┌─ Material for this task
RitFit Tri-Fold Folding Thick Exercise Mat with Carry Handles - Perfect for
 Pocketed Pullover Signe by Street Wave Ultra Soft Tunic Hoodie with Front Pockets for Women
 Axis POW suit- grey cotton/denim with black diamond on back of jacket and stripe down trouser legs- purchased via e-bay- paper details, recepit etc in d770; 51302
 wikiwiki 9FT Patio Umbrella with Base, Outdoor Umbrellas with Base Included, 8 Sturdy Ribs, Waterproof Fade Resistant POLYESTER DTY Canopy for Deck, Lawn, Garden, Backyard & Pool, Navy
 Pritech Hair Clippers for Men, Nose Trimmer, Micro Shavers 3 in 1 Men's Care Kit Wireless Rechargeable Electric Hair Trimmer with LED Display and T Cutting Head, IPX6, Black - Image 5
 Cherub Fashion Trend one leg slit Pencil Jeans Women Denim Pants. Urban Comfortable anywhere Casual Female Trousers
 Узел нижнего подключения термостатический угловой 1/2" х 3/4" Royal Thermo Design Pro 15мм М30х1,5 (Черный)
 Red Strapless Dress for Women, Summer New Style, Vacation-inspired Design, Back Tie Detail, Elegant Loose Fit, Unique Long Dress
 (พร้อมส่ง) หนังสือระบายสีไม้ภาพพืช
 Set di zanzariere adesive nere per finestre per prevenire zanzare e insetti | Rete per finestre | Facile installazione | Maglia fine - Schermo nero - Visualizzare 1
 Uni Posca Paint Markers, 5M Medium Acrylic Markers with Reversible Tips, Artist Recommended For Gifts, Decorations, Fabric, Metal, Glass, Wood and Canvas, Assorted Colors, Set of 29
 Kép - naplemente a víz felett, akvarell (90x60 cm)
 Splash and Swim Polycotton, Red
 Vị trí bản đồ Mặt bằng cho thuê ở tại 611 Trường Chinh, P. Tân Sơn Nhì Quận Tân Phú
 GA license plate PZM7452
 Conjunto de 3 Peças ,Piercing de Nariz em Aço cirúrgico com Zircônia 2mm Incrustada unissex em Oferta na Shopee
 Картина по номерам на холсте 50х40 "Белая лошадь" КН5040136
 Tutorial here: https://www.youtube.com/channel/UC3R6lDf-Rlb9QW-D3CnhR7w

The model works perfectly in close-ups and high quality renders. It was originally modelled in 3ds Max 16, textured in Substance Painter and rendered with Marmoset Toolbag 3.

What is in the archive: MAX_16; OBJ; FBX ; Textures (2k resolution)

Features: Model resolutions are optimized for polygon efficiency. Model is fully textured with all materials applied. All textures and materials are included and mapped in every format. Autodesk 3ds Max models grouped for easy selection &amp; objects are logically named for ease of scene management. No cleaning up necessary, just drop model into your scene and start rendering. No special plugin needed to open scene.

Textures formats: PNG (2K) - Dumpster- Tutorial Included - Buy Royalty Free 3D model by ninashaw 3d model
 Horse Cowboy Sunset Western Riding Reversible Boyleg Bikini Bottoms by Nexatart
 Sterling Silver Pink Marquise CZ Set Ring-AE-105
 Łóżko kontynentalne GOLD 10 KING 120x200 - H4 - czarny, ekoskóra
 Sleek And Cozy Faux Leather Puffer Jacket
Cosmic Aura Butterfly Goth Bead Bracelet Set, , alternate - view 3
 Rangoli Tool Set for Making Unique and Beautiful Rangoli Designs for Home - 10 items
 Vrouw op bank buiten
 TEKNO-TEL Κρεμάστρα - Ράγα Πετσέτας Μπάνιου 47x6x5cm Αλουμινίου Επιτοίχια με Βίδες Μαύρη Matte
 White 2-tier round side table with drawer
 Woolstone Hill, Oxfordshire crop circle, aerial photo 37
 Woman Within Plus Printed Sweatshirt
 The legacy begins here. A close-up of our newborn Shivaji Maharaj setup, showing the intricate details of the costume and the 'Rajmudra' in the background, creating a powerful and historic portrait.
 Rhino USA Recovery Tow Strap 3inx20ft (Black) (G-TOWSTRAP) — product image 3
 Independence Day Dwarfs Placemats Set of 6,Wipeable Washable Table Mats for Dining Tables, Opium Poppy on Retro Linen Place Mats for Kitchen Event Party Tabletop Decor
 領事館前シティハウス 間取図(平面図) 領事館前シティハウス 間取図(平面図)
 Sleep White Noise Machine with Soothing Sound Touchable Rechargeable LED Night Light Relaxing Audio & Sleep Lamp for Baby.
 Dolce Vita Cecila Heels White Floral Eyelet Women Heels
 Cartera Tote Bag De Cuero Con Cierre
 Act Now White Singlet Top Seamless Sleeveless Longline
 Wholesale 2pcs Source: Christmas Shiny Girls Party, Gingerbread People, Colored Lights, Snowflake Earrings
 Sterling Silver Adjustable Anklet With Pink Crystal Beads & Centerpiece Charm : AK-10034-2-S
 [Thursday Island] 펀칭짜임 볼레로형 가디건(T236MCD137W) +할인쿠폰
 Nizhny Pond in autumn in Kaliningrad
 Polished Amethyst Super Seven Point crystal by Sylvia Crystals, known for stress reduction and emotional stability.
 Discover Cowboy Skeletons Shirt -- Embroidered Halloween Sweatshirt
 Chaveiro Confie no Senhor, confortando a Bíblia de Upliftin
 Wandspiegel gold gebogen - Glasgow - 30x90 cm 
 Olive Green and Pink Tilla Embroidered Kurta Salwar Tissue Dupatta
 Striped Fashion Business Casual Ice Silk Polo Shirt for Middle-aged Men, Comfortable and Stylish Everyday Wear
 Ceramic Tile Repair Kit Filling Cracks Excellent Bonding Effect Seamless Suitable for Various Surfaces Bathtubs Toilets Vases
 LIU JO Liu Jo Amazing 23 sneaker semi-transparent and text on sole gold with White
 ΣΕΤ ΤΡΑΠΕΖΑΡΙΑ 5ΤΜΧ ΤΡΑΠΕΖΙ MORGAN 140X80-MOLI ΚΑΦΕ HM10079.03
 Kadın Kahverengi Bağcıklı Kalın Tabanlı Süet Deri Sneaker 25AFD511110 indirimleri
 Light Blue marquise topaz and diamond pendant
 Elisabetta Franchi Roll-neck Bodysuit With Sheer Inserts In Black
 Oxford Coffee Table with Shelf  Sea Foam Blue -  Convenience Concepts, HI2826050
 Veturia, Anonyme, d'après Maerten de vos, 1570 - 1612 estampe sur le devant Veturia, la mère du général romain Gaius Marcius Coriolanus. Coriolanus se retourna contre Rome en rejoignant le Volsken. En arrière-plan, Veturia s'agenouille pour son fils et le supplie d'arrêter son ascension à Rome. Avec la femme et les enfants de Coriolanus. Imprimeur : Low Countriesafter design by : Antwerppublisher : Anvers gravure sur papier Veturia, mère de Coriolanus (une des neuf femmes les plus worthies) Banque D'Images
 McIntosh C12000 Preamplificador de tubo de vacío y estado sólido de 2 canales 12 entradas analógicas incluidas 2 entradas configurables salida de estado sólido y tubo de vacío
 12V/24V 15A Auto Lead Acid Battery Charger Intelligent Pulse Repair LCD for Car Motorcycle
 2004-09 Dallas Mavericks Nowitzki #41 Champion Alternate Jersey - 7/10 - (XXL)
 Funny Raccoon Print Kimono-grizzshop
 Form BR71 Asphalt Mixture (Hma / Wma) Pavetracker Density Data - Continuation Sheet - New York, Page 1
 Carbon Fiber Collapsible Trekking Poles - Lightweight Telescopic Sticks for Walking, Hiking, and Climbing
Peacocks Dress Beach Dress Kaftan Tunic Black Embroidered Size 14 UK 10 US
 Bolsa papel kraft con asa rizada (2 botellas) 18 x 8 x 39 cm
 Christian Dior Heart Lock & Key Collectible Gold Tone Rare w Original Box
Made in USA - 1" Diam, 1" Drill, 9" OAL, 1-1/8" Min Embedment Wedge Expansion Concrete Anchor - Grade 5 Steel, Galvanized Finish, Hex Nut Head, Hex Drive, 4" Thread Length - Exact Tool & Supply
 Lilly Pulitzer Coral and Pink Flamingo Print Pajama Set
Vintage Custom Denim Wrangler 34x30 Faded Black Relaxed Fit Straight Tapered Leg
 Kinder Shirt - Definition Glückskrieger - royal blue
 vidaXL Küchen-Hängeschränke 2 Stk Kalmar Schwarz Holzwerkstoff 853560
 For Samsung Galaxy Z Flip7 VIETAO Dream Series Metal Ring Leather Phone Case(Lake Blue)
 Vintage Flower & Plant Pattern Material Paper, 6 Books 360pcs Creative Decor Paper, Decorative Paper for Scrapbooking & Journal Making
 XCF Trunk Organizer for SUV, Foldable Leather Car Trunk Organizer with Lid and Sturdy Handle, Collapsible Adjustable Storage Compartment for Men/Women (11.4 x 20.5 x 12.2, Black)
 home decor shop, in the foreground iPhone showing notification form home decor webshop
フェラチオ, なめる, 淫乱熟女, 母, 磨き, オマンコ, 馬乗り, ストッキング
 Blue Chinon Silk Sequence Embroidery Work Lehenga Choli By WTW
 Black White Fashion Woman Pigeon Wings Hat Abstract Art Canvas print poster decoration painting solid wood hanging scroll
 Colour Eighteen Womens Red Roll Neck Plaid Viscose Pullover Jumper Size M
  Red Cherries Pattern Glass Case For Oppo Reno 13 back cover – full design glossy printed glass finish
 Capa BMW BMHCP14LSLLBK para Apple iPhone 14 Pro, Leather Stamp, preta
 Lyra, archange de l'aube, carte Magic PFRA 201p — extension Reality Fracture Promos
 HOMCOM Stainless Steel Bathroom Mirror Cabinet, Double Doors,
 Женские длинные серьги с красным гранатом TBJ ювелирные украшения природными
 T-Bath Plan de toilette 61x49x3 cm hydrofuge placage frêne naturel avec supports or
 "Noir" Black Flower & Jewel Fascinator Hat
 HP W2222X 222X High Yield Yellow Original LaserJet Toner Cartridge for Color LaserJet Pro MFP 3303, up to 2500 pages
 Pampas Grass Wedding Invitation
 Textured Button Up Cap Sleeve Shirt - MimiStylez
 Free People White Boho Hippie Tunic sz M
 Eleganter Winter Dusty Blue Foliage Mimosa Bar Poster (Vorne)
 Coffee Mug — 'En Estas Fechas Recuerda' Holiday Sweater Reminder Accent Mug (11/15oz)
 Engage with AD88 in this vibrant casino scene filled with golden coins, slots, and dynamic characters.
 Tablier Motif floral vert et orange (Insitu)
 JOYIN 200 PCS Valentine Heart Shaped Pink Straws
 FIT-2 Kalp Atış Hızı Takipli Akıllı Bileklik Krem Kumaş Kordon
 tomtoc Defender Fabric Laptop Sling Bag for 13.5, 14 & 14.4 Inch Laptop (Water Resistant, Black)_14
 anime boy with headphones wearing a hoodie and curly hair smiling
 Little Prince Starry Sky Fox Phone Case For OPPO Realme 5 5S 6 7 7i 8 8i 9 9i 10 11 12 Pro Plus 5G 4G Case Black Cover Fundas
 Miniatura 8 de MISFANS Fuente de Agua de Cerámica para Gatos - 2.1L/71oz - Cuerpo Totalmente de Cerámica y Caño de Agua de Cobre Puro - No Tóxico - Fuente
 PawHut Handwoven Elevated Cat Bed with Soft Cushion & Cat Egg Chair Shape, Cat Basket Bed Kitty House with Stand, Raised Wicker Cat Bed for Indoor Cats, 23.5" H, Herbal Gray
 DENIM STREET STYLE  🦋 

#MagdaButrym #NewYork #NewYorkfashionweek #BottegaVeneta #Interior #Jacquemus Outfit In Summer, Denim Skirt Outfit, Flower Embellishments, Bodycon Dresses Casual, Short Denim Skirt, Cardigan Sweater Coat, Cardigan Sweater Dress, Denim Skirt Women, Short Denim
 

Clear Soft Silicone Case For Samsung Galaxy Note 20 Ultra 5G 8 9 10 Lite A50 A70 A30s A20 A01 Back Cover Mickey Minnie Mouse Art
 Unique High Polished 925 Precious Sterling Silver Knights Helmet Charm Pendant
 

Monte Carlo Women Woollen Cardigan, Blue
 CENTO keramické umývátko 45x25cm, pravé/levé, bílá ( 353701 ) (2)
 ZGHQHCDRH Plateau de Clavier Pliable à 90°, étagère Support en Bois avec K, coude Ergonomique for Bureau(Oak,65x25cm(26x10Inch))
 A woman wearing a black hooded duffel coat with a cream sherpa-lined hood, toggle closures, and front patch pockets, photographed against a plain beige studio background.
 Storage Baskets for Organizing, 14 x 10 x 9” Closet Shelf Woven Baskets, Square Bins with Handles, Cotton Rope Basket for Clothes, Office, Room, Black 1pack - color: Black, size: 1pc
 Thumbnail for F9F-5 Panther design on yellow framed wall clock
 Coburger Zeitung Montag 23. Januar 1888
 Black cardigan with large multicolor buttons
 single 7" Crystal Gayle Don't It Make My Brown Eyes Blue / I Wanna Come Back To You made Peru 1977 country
└─
Up to and including the line that contains "Axis POW suit- grey", restate each line of the material above word for word, beginning with its first line.

RitFit Tri-Fold Folding Thick Exercise Mat with Carry Handles - Perfect for
 Pocketed Pullover Signe by Street Wave Ultra Soft Tunic Hoodie with Front Pockets for Women
 Axis POW suit- grey cotton/denim with black diamond on back of jacket and stripe down trouser legs- purchased via e-bay- paper details, recepit etc in d770; 51302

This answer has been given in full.